BRIEF DESCRIPTION OF THE DRAWINGS
[0013] The accompanying drawings, which are incorporated in and
constitute a part of this specification, illustrate certain
embodiments of the invention and together with the description,
serve to explain the principles of the invention. In the
figures:
[0014] FIG. 1 is a graph of the Long Term Fuel Trim (LTFT) of a
conventional additized gasoline fuel comprising Mannich and carrier
fluid.
[0015] FIG. 2 is a graph of the LTFT for various comparative
compositions.
[0016] FIG. 3 is a graph of the LTFT of various inventive
compositions.
SUMMARY OF THE DISCLOSURE
[0017] In accordance with the disclosure, there is disclosed a
gasoline additive concentrate comprising the product of combining
(a) a 1,8-naphthalic anhydride; and (b) a reaction product of a
hydrocarbyl-substituted succinic anhydride with a polyamine.
[0018] In another aspect, there is disclosed a method to reduce the
amount of deposits in direct injection gasoline engines, the method
comprising adding to a gasoline to be combusted in the direct
injection gasoline engine a gasoline additive concentrate to form a
gasoline composition, then combusting the gasoline composition.
[0019] Moreover, there is disclosed a method to reduce greenhouse
gas emissions, the method comprising adding to a gasoline to be
combusted in the direct injection gasoline engine a gasoline
additive concentrate to form a gasoline composition, then
combusting the gasoline composition.
DESCRIPTION OF THE EMBODIMENTS
[0020] The present disclosure relates in one embodiment to a
gasoline additive concentrate comprising a product of combining (a)
a 1,8-naphthalic anhydride; and (b) a reaction product of a
hydrocarbyl-substituted succinic anhydride with a polyamine. It is
believed, without being limited to any particular theory, that the
reaction product forms an imide. The molar ratio of (a) to (b) is
about 1:1, for example ranging from about 0.95:0.05 to about
0.05:0.95, and as a further example from about 0.8:0.2 to about
0.2:0.8. In an aspect, the molar ratio is from about 0.5:1 to about
1:0.5.
[0021] The prior art teaches using a reaction product of PIBSA and
various amines in fuel and lubricant compositions, but an
improvement herein lies in top treating a gasoline composition with
a gasoline additive concentrate comprising a product of combining
(a) a 1,8-naphthalic anhydride; and (b) a reaction product of a
hydrocarbyl-substituted succinic anhydride with a polyamine.

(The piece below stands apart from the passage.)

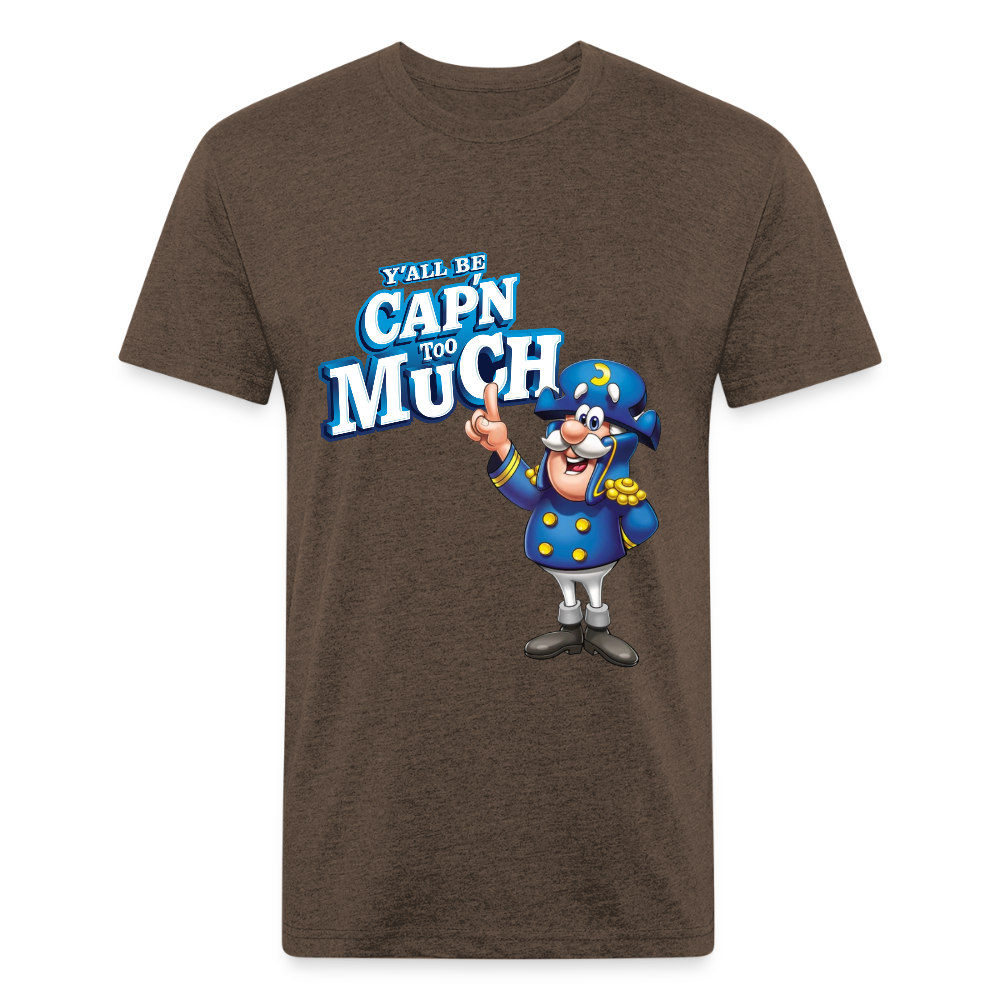 Fitted Cotton/Poly T-Shirt by Next Level - heather espresso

[0022] There is disclosed (b) a reaction products obtained by
reacting a hydrocarbyl-substituted succinic anhydride, acid,
acid-ester or lower alkyl ester with an amine containing at least
two amino groups, such as a polyamine. Representative non-limiting
examples are given in U.S. Pat. Nos. 3,172,892; 3,202,678;
3,219,666; 3,272,746, 3,254,025, 3,216,936, 4,234,435; and
5,575,823. The hydrocarbyl-substituted succinic anhydride may be
prepared readily by heating a mixture of olefin and maleic
anhydride to about 180-220.degree. C. The hydrocarbyl is, in an
embodiment, a polymer or copolymer of a lower monoolefin such as
ethylene, propylene, isobutene and the like. In another embodiment,
the source of alkenyl group is from polyisobutene having a
molecular weight up to 10,000 or higher. In another embodiment, the
alkenyl is a polyisobutene group having a molecular weight of about
200-5,000, for example about 500-2,000, and as a further example
form about 700-1000. In another aspect, the polyisobutene group has
a molecular weight less than about 1000, such as about 950.

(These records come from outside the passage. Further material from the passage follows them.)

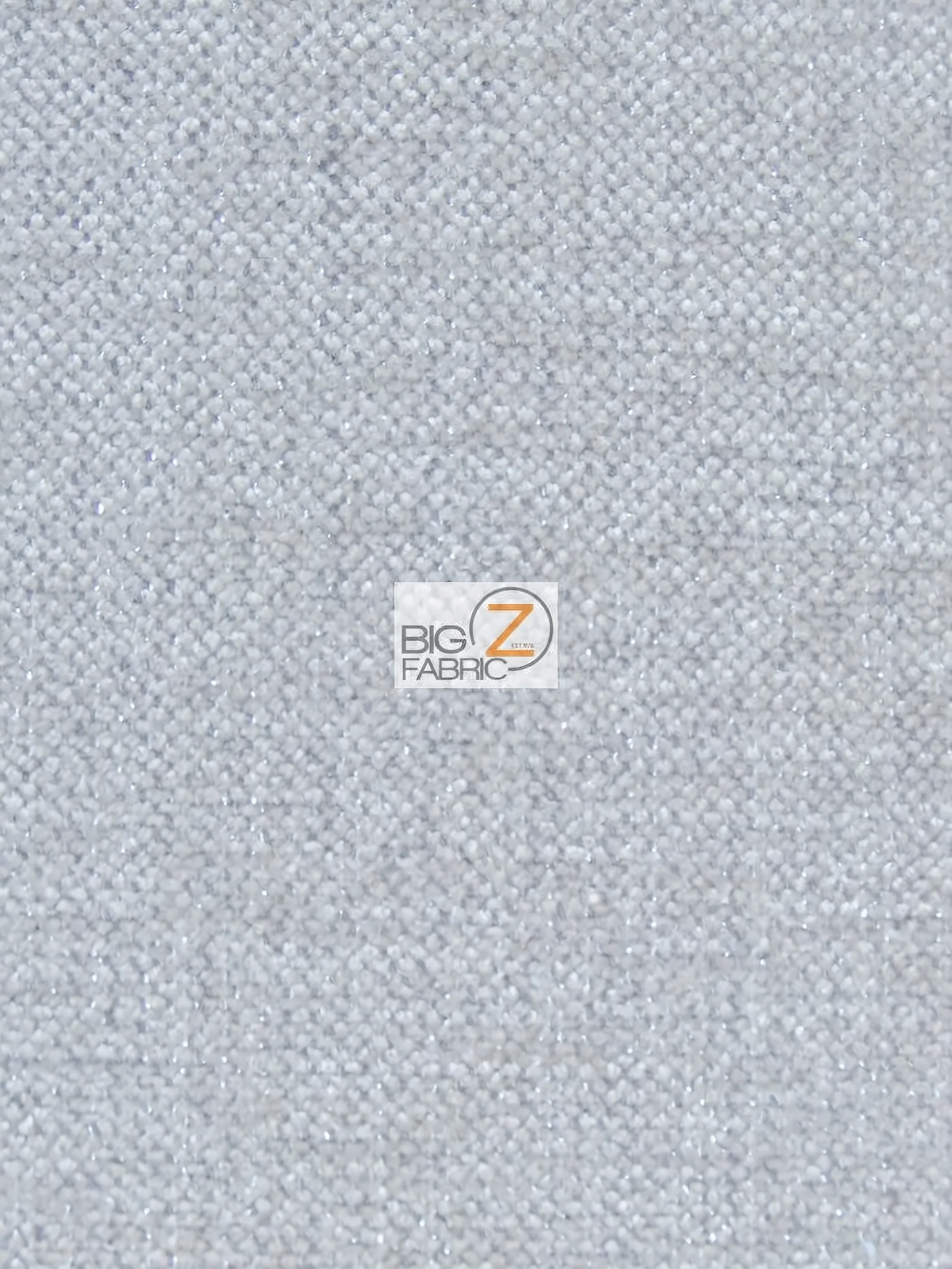 Sparkle Trend Chenille Upholstery Fabric / Beige / Sold By The Yard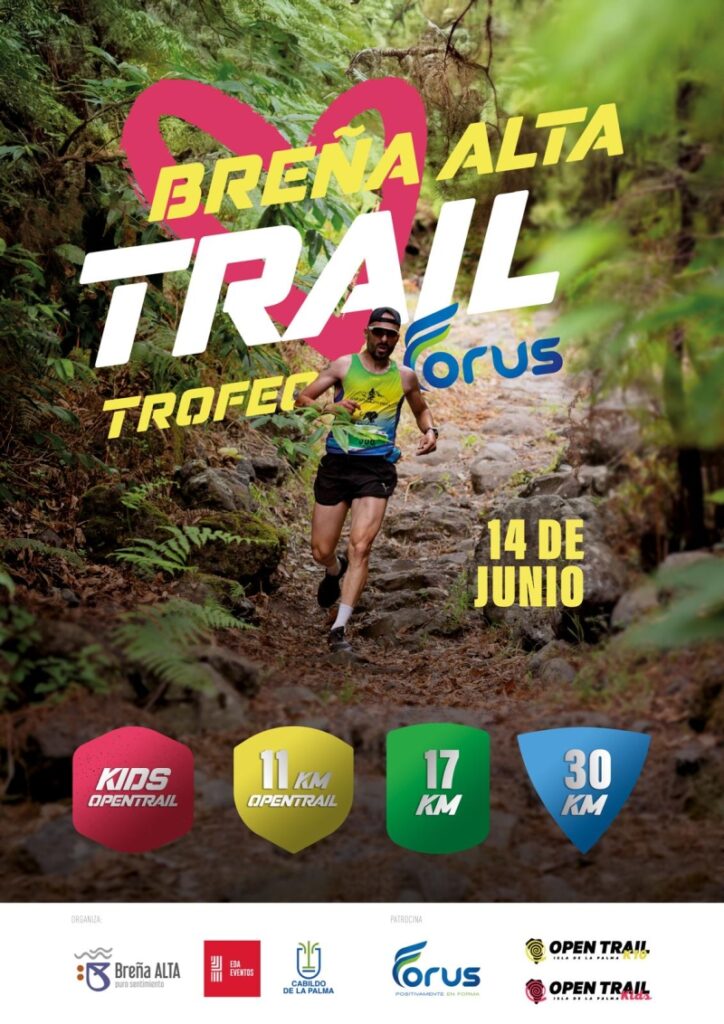 El Breña Alta Trail 2025 regresa el próximo 14 de junio consolidada como una de las carreras de trail más emblemáticas de Canarias.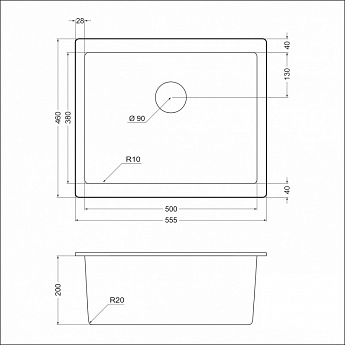 картинка Мойка для кухни Emar EMQ-1555.P  картинка Мойка для кухни Emar EMQ-1555.P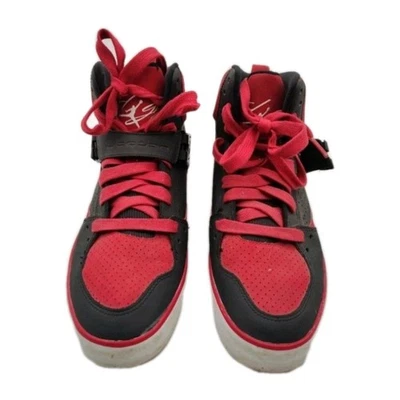 Air Jordan Flight 45 V Bred preto e vermelho - Tamanho 12 novo sem caixa - Imagem 1 de 4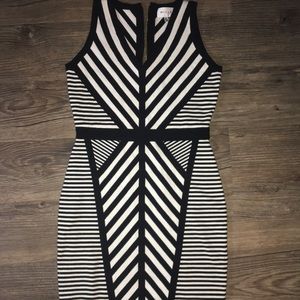Black and White Chevron Milly Dress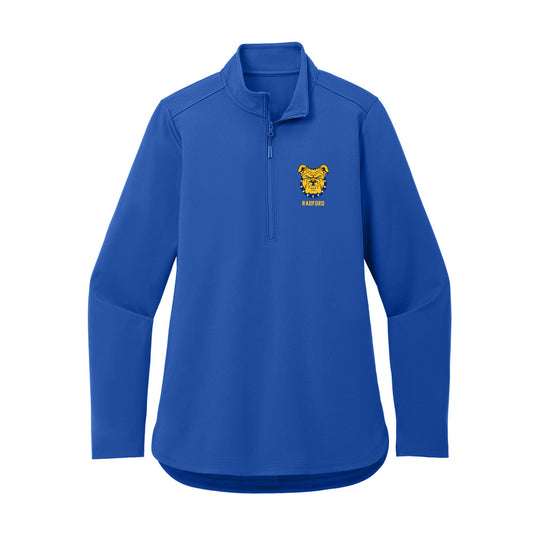 North Carolina A&T - NCAA Football : Terry Radford - Women's Premium Quarter Zip Jacket-0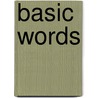 Basic words door Caridia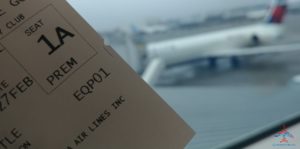 my cleared 1st class 1a seat RenesPoints blog from SEA to DTW on a Monday AM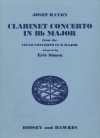 クラリネット協奏曲・変ロ長調（チェロ協奏曲 ニ長調より)（ハイドン）（クラリネット+ピアノ）【Clarinet Concerto in Bb Major】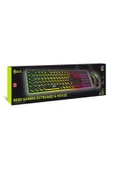 Mekanik 105 Tuşlu RGB LED Işıklı Kablolu Oyun Klavyesi+Fare BKB-8 - 4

[0023] In an aspect, the hydrocarbyl substituent of the
hydrocarbyl-substituted succinic anhydride is a
polyisobutylene.
[0024] Amines which may be employed include any that have at least
two amino groups which can react to form an imide group. A few
representative examples are: N-dodecyl propanediamine,
N-aminopropyl piperazine ethanolamine, N-ethanol ethylene diamine
and the like. Preferred amines include the alkylene polyamines such
as propylene diamine, dipropylene triamine,
di-(1,2-butylene)-triamine, tetra-(1,2-propylene)pentaamine.
[0025] In one embodiment the amines are the ethylene polyamines
that have the formula H.sub.2N(CH.sub.2CH.sub.2NH).sub.nH wherein n
is an integer from one to ten. These ethylene polyamines include
ethylene diamine, diethylene triamine, triethylene tetraamine,
tetraethylene pentaamine, pentaethylene hexaamine, and the like,
including mixtures thereof in which case n is the average value of
the mixture. These ethylene polyamines have a primary amine group
at each end so can form mono-alkenylsuccinimides and
bis-alkenylsuccinimides. A heavy polyamine can also be used. In an
embodiment, the polyamine is tetraethylene pentamine.
[0026] The molar ratio of the hydrocarbyl-substituted succinic
anhydride to the polyamine is about 1:1, but may include other
ratios such as 5:1-1:5, and ranges in between.
[0027] Thus the reaction product (b) for use in the present
invention can also include the products of reaction of a
polyethylenepolyamine, e.g. triethylene tetramine or tetraethylene
pentamine, with a hydrocarbon substituted carboxylic acid or
anhydride made by reaction of a polyolefin, such as polyisobutene,
having a molecular weight of 250 to 5,000, for example 500 to 2000,
and as a further example less than about 1000, with an unsaturated
polycarboxylic acid or anhydride, e.g. maleic anhydride.
[0028] The gasoline additive concentrate can be used to top treat a
gasoline composition in any amount effective to reduce intake valve
deposits. In particular, the additive concentrate can be used in a
gasoline composition in an amount of 0.1 ptb to about 10 ptb, such
as 0.4 ptb to about 7 ptb, as a further example 1 ptb to about 6
ptb, and as a further example, 2 ptb to about 5.5 ptb.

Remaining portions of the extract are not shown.